WORK REQUIRED:
Transcribe the data below in full, exactly.

(Short text fragments from websites)
•••
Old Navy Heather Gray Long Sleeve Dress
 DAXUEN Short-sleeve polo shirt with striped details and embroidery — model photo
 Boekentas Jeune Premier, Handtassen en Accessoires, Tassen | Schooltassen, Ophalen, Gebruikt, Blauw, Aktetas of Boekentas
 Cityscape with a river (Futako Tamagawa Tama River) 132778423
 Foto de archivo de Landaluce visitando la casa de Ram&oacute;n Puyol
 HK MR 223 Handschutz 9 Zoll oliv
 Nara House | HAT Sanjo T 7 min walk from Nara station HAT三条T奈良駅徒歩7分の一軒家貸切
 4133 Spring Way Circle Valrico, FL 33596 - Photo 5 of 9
•••
SOLUTION TO THE PROBLEM:
Old Navy Heather Gray Long Sleeve Dress
 DAXUEN Short-sleeve polo shirt with striped details and embroidery — model photo
 Boekentas Jeune Premier, Handtassen en Accessoires, Tassen | Schooltassen, Ophalen, Gebruikt, Blauw, Aktetas of Boekentas
 Cityscape with a river (Futako Tamagawa Tama River) 132778423
 Foto de archivo de Landaluce visitando la casa de Ram&oacute;n Puyol
 HK MR 223 Handschutz 9 Zoll oliv
 Nara House | HAT Sanjo T 7 min walk from Nara station HAT三条T奈良駅徒歩7分の一軒家貸切
 4133 Spring Way Circle Valrico, FL 33596 - Photo 5 of 9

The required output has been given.